With some notable exceptions (City Press at its best, the Daily Maverick on the Marikana massacre), the media serves the ANC-DA consensus uncritically, providing the illusion of carrying robust exchanges of opinions and ideas, while ignoring ideas and opinions (and failing to report stuff that many real people experience every day) when this would threaten the elite consensus about what ought to be important and how South Africa should be governed.

Underlying much of the reporting and opinion published in newspapers and broadcast on television is an assumption that important political contestation only happens within and between political parties. Social movements and grassroots organisations are largely ignored. The political elites almost never engage with the leadership of such movements and the media seldom report on grassroots mobilisation by communities in the far-flung corners of South Africa – until so called “service delivery protests” flare up and violence engulf places like Ficksburg or Sasolburg. For a few days after such an event stories about “mobs on the rampage” would appear, but only in exceptional cases do we read about the circumstances (and the political currents) that motivated communities to rise up against the state.

Of course, there is nothing inherently wrong with Business Day pushing its free market agenda or choosing not to publish long interviews with local protest leaders or striking mineworkers. Neither is there anything inherently wrong with The New Age pushing an anti-DA and anti Helen Zille agenda. The problem is that even if we wanted to, we would seldom be able to access news reports and opinions that do not serve the narrow ideological interests of the elites. There is little diversity of opinion in the media in South Africa. Really, if we are presented with a world in which we only have to choose between two options: the DA’s open opportunity society or the ANC’s semi-authoritarian state capitalism, then we have not really been presented with much of a choice at all.

If, as the Constitutional Court argued in several judgments, freedom of expression is important for a democracy, partly because the robust exchange of ideas and opinions help us to seek out and even find the “truth” (or at least our version of the “truth”), and allow us to become active citizens — free to make meaningful choices about who we are, how we want to live our lives and who to vote for — then the corrosive influence of money that produces a narrow band of facts and opinions in both the public and private media in South Africa do not serve the aims of free expression, nor of deliberative democracy.

Yes, it might serve the interests of the two major political parties (albeit unevenly), and it might serve the interests of the elites and of the business community — but that is only a small section of the 50 million people who live in South Africa. This narrow ideological focus of most of the media does not effectively empower citizens to live meaningful lives in which their dignity is promoted and they are provided with the tools to make real and informed choices.

No wonder that, on paper at least, the policy differences between the DA and the ANC are often related to style more than to substance.
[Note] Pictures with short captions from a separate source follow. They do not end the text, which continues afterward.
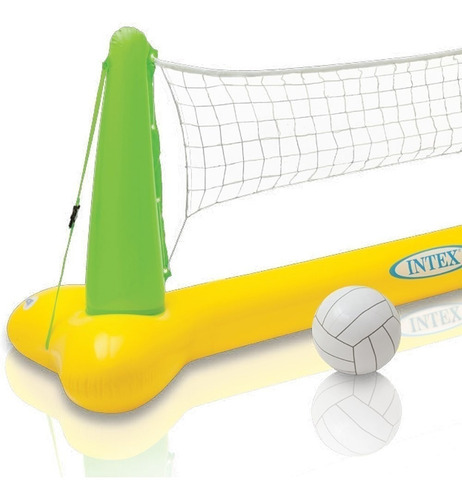 Imagen 3 de 7 de Juego Piscina Red De Voley Intex Inflable Pileta 19781/0 Mm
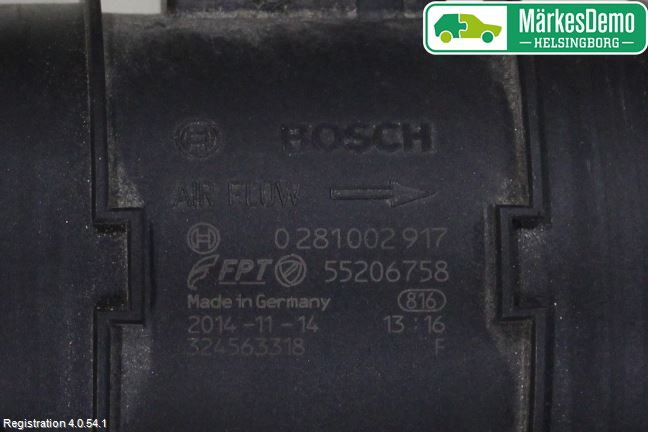 Fiat FREEMONT Injluftmassamätare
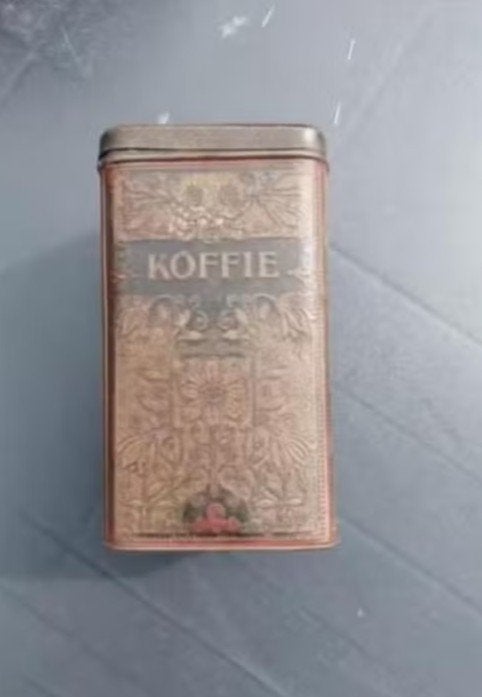 Oud koffieblik, Verzamelen, Blikken, Ophalen of Verzenden, Gebruikt, Koffie, Overige merken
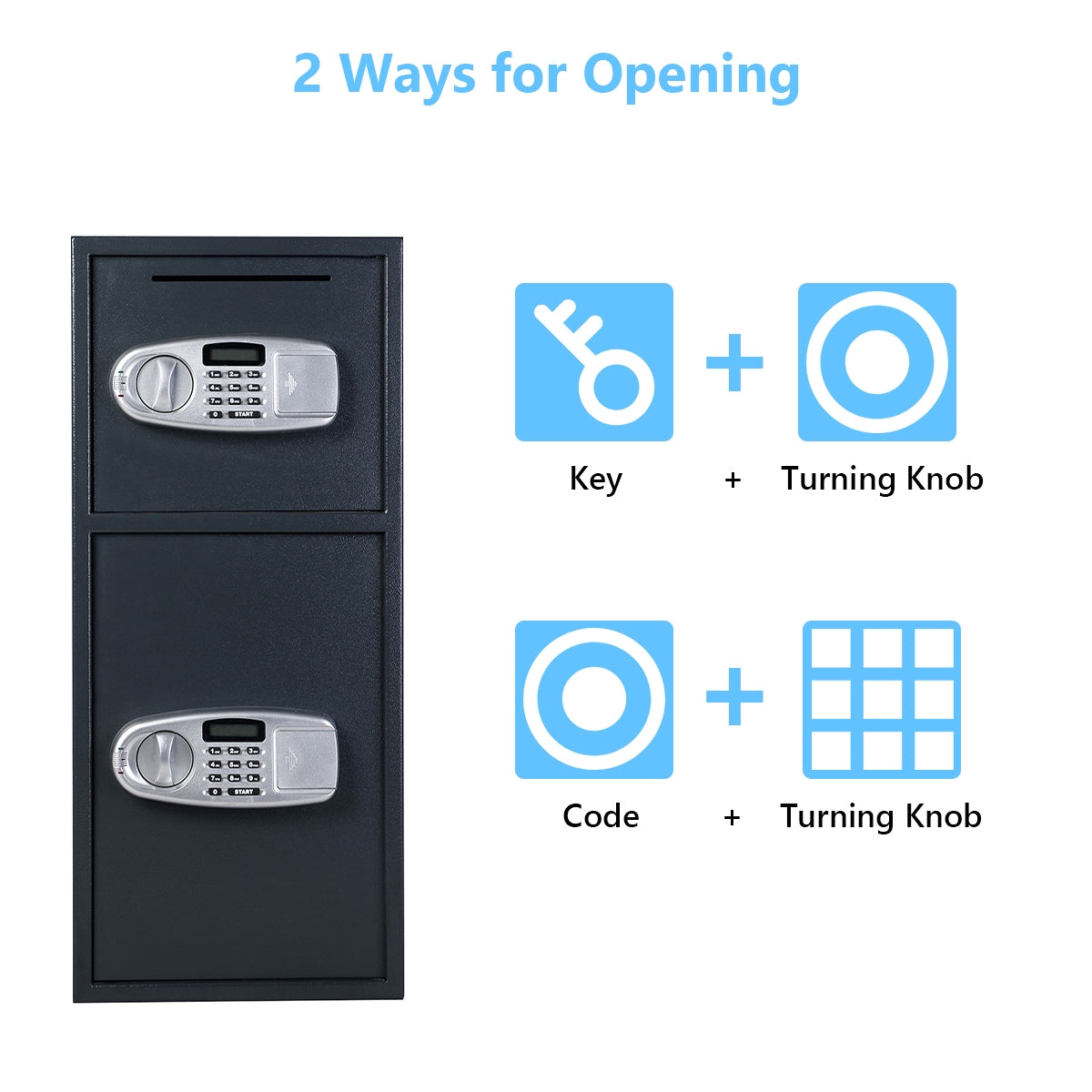 Digital Safe Box with 2 DoorsÂ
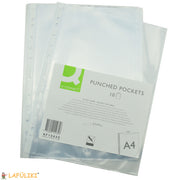 Q-CONNECT-Prospekthuelle-Klarsichthuelle-A4-glasklar-transparent-10-Stueck-lafueliki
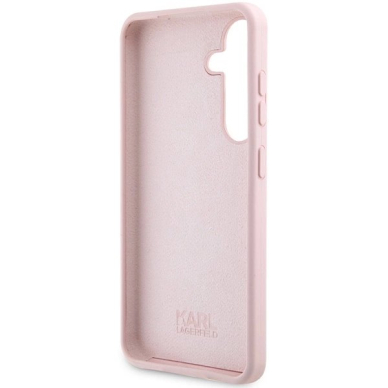 Karl Lagerfeld Silikoninis Choupette Dėklas skirtas Samsung Galaxy S24+ - Rožinis 6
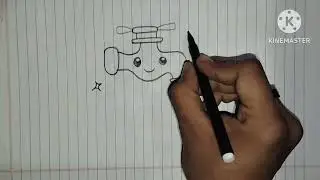 How To Draw a Cute Faucet  Draw Cute Things @Uplaksh69 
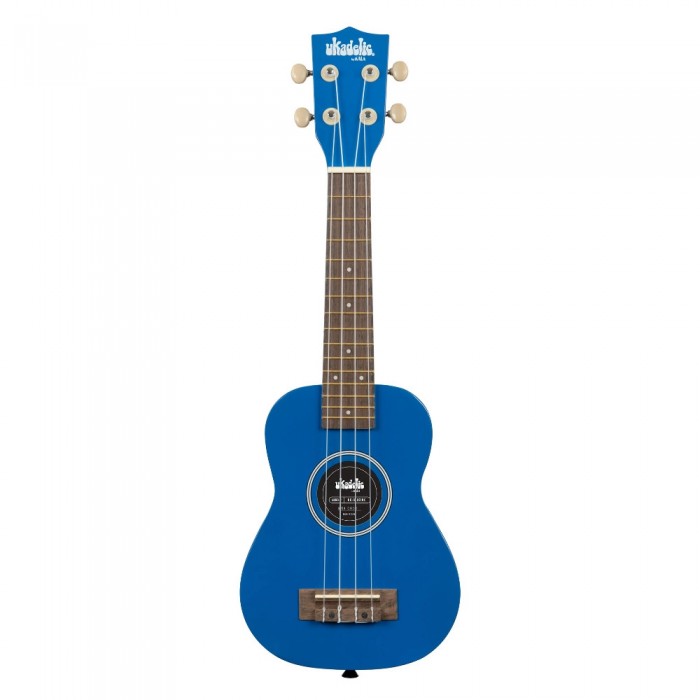 Kala Ukadelic Soprano Ukulele (Blue Ink)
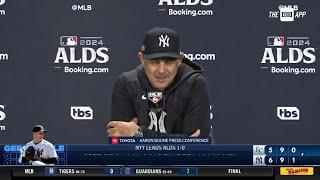 Aaron Boone on Gerrit Cole's rocky start, bullpen's solid performance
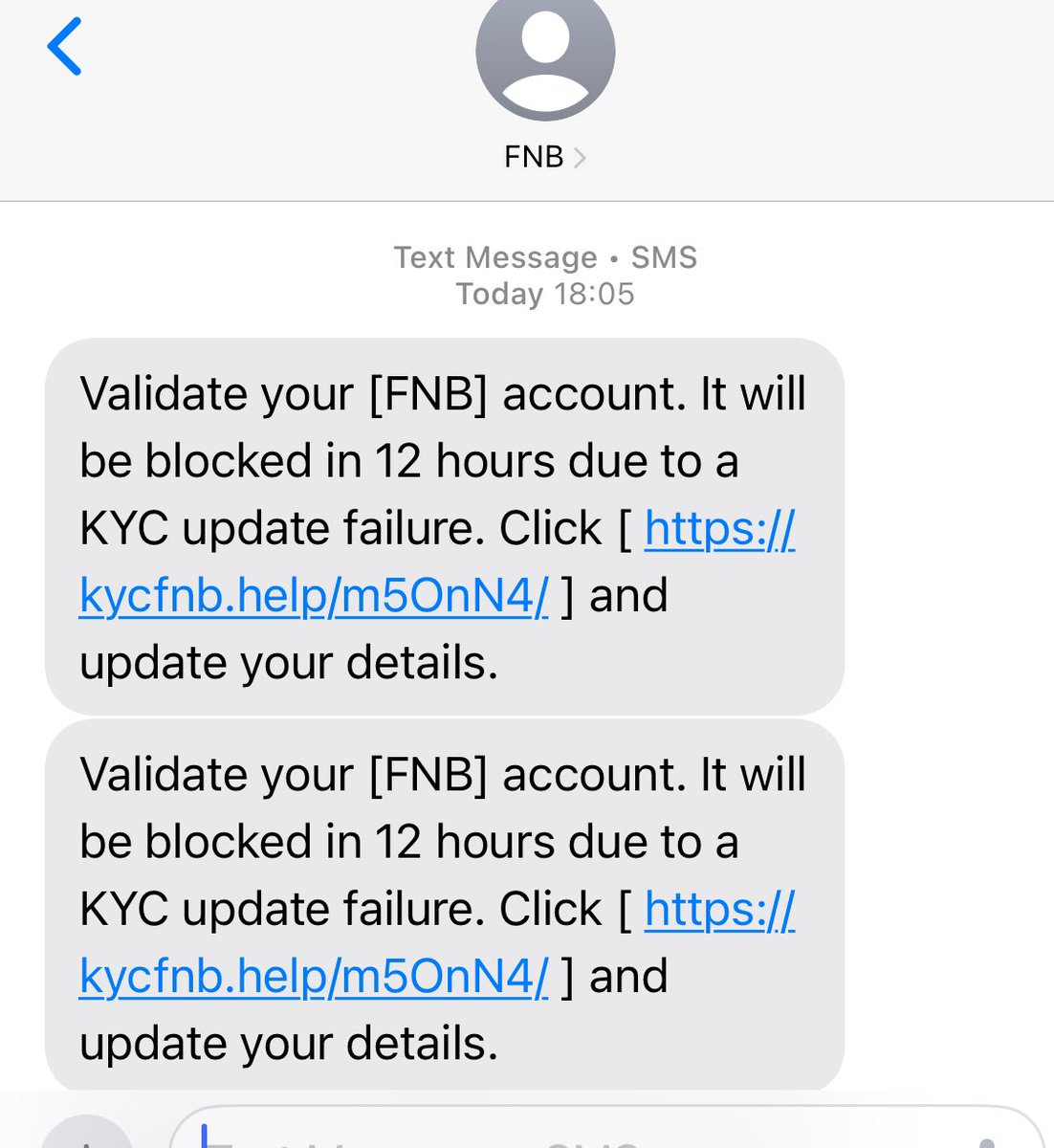 Hi <a href="/FNBSA/">FNB South Africa</a> this looks suspiciously dodge 🚨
Both parties have adopted the National Development Plan as its policy Bible. Both believe that the state should play some role in addressing the unfair and unsustainable effects of past discrimination and exclusion. Both cosy up to big business — although for internal political reasons the ANC has to be nice to organised labour while the DA can bash the unions without alienating its donors.

Instead of providing us with more choices and more information, the influence of money on political parties and the media narrows down our choices and robs us of our dignity. This is not going to change soon — no matter how much money parastatals pump into The New Age.